__Recorded information__
···

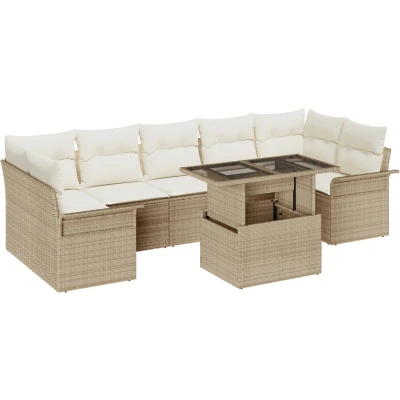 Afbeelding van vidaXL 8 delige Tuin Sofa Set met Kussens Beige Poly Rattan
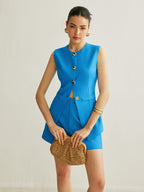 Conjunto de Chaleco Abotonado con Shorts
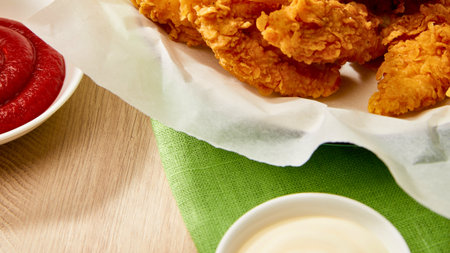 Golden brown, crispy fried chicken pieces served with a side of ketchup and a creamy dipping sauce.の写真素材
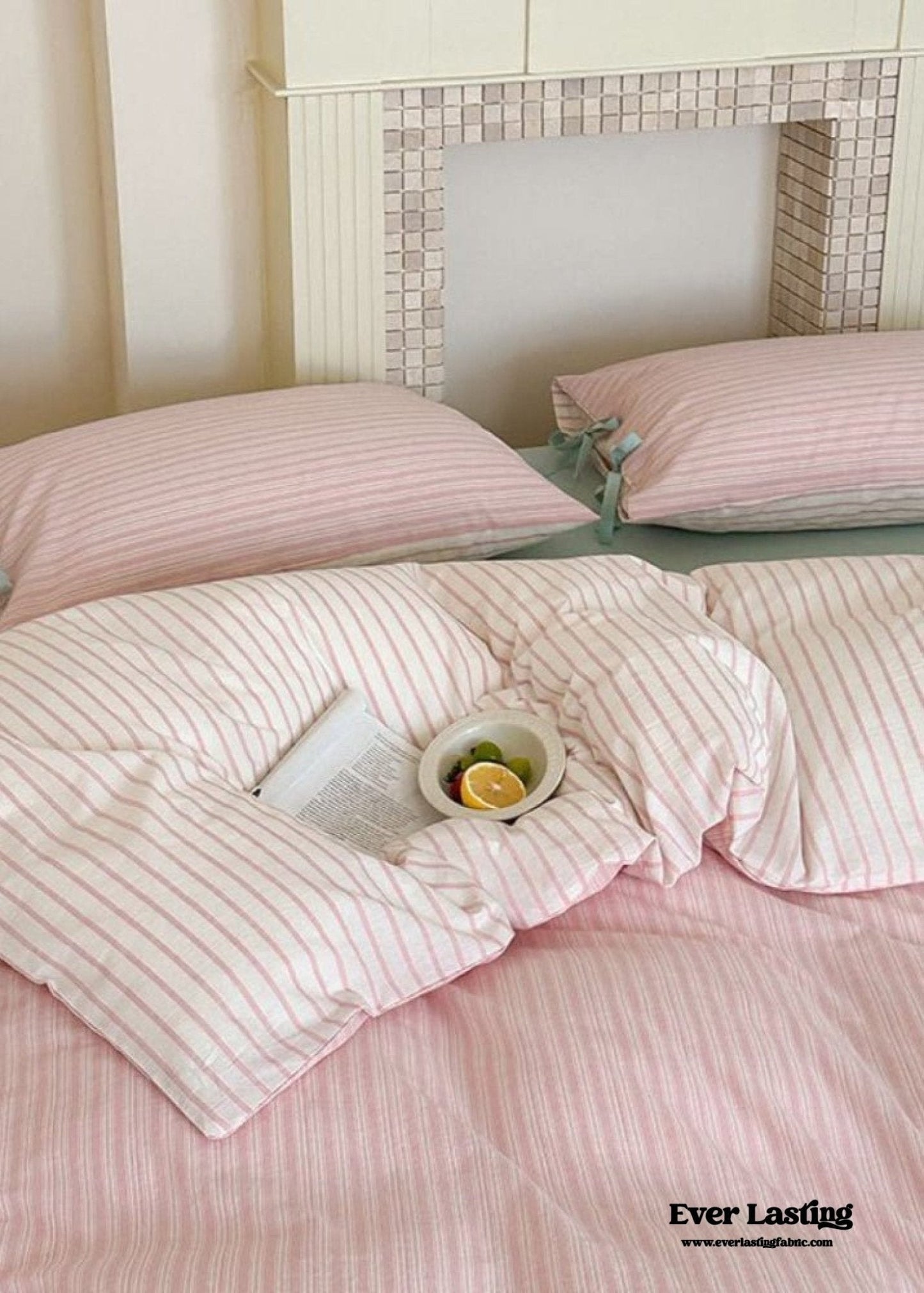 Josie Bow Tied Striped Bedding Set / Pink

···

Pictures are not part of the answer, which must be the exact lines from the one holding "Conjunto de Chaleco Abotonado con Shorts" through the end of the material, both ends included.

 Conjunto de Chaleco Abotonado con Shorts
 Golden brown, crispy fried chicken pieces served with a side of ketchup and a creamy dipping sauce.の写真素材
 Josie Bow Tied Striped Bedding Set / Pink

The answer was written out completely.